You can also go to the Data Sources page in Data Integration to add an AnalyticDB for PostgreSQL data source. You can add a data source only to the production environment on the Data Sources page in Data Integration. After the data source is added, you must manage the data source on the Data Sources page in Management Center. You can go to Data Integration to view the types of data sources that you can add in this service.
Add a data source
DataWorks allows you to add a data source in one of the following modes.
If you use a workspace in standard mode, you must separately add a data source in the development environment and production environment. For information about the modes of workspaces, see Differences between workspaces in basic mode and workspaces in standard mode.
Mode 1: Alibaba Cloud instance mode
Configure the parameters in the Basic Configuration section.
Parameter
Description
Data Source Name
The name of the data source in DataWorks. The name must be unique within the current tenant.
Configuration Mode
The mode in which you want to add the data source. Select Alibaba Cloud Instance Mode.
Alibaba Cloud Account
Specifies whether the AnalyticDB for PostgreSQL instance you want to use belongs to the current Alibaba Cloud account or another Alibaba Cloud account. Valid values:
Current Alibaba Cloud Account: The AnalyticDB for PostgreSQL instance belongs to the current Alibaba Cloud account.
Another Alibaba Cloud Account: The AnalyticDB for PostgreSQL instance belongs to another Alibaba Cloud account.
NoteIf you set this parameter to Another Alibaba Cloud Account, you must add the AnalyticDB for PostgreSQL data source across accounts. After the data source is added, you can use only a RAM role to access the related AnalyticDB for PostgreSQL instance. In addition, the data source cannot be associated with DataStudio for data development or periodic task scheduling. The data source can be used only in Data Integration for data synchronization.
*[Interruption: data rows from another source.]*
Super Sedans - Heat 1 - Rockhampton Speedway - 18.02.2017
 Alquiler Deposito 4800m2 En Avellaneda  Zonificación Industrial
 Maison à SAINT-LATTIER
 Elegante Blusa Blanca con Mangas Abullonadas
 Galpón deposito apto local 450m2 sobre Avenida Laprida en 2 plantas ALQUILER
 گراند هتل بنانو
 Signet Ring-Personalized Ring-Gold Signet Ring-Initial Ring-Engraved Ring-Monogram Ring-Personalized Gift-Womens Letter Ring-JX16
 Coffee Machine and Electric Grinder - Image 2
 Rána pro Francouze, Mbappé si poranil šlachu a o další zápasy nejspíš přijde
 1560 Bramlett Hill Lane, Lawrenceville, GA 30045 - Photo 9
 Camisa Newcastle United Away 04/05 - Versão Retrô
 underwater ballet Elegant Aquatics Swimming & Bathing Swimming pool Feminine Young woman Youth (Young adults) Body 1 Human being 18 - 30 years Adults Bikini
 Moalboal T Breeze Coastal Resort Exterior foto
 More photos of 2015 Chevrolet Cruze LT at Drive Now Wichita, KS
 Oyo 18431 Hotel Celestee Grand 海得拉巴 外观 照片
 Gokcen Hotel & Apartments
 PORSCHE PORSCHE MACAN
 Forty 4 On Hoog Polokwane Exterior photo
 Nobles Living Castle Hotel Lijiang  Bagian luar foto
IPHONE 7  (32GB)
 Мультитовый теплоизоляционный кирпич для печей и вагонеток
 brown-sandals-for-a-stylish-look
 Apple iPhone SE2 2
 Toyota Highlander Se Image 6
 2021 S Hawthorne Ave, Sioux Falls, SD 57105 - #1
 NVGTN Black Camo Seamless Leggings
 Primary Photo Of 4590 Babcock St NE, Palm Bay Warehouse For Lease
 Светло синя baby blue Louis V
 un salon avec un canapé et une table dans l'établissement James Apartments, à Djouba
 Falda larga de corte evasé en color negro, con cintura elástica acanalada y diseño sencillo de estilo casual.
Other parameters that you must configure vary based on the value of the Alibaba Cloud Account parameter.
Region
The region in which the AnalyticDB for PostgreSQL instance that you want to use resides.
NoteIf the region that you selected is different from the region in which the workspace resides, you cannot associate the data source with DataStudio after you add the data source. In this case, the data source cannot be used for data development or periodic task scheduling. The data source can be used only in Data Integration for data synchronization.
Other items such as the AnalyticDB for PostgreSQL instance and the access identity
Other parameters that you must configure vary based on the value of the Alibaba Cloud Account parameter.
Value of the Alibaba Cloud Account parameter: Current Alibaba Cloud Account
Instance: Select the AnalyticDB for PostgreSQL instance that you want to add as a data source from the Instance drop-down list.
Database Name, Username, Password: Enter the name of the desired AnalyticDB for PostgreSQL database in the Database Name field, and separately enter the username and password that are used to access the database in the Username and Password fields. You can log on to the AnalyticDB for PostgreSQL to obtain information about the AnalyticDB for PostgreSQL database.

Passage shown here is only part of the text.